The following chapters form an 'archival probe', investigating the history and modus operandi of the various spatial mechanisms that have sustained - and continue to sustain - the occupation's regime and practices of control.

(see footnote re: use of this term in Mutations published 2001))

pg 6-7

Elastic geography

...the frontiers of the Occupied Territories are not rigid and fixed at all; rather, they are elastic, and in constant transformation. The linear border, a cartographic imaginary inherited from the military and political spatiality oft eh nation state has splintered into a multitude of temporary, transportable, deployable and removable border-synonyms - 'separation walls', 'barriers', 'blockades', 'closures', 'road blocks', checkpoints', 'sterile areas', special security zones', 'closed military areas', and 'killing zones' - that shrink and expand the territory at will. These borders are dynamic, constantly shifting, ebbing and flowing, they creep along, stealthily surrounding Palestinian villages and roads.... The anarchic geography of the frontier is an evolving image of transformation, which is remade and rearranged with every political development or decision.
...
The Separation Wall, merely one of a multiple barriers, is constantly rerouted, its path registering like a seismograph the political and legal battles surrounding it. Where territories appear to be hermetically sealed in by Israeli walls and fences, Pal. tunnels are dug underneath them. Elastic territories could thus not e understood as benign environments: highly elastic political space is often more dangerous and deadly than a static, rigid one.

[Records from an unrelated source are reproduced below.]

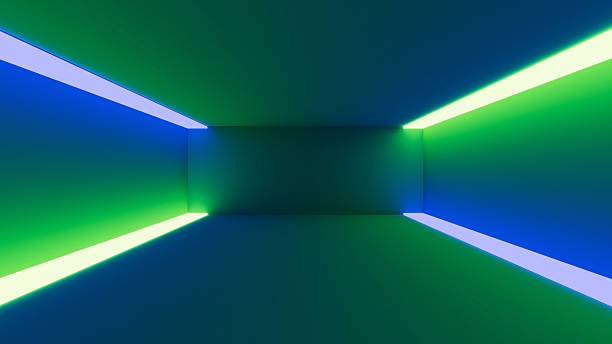 istock 3d render, ultraviolet neon square portal, glowing lines, tunnel, corridor, virtual reality, abstract fashion background, green blue neon lights, arch, pink blue spectrum vibrant colors, 2217131433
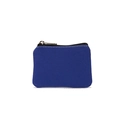 Blue canvas coin purse with black zipper closure and detailed white stitching finish - Glazed Color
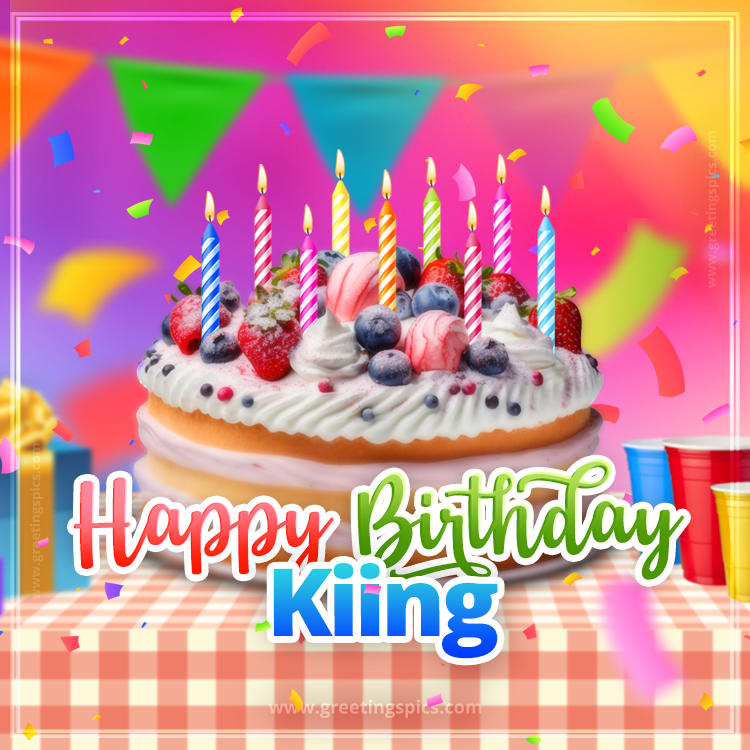 Happy Birthday Kiing Colorful Image with fruit cake and candles (square shape image)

quotes from Hollow Land, Israel's Architecture of Occupation by Eyal Weizman

pg 4

Against the geography of stable, static places, and the balance across linear & fixed sovereign borders, frontiers are deep, shifting, fragmented and elastic territories. Temporary lines of engagement, marked by makeshift boundaries, are not limited to the edges of political space but exist throughout its depth. distinctions between the 'inside' and 'outside' cannot be clearly marked. In fact, the straighter, more geometrical and more abstract official colonial borders across the 'New Worlds' tended to be, the more the territories of effective control were fragmented and dynamic and thus unchartable by an conventional mapping technique.

pg. 5

the spatial organization of the occupied territories is a reflection on only of an ordered process of planning and implementation, but, an increasingly so, of 'structured chaos', in which the -often deliberate- selective absence of govt intervention promotes an unregulated process of violent dispossession.
...
b/c elastic geographies respond to a multiple and diffused rater than i single source of power, their arch cannot be understood as the material embodiment of a unified political will or as the product of a single ideology. Rather the organization of the Occupied Territories should be seen as a kind of 'political plastic', or as a map of the relation between all the forces that shaped it.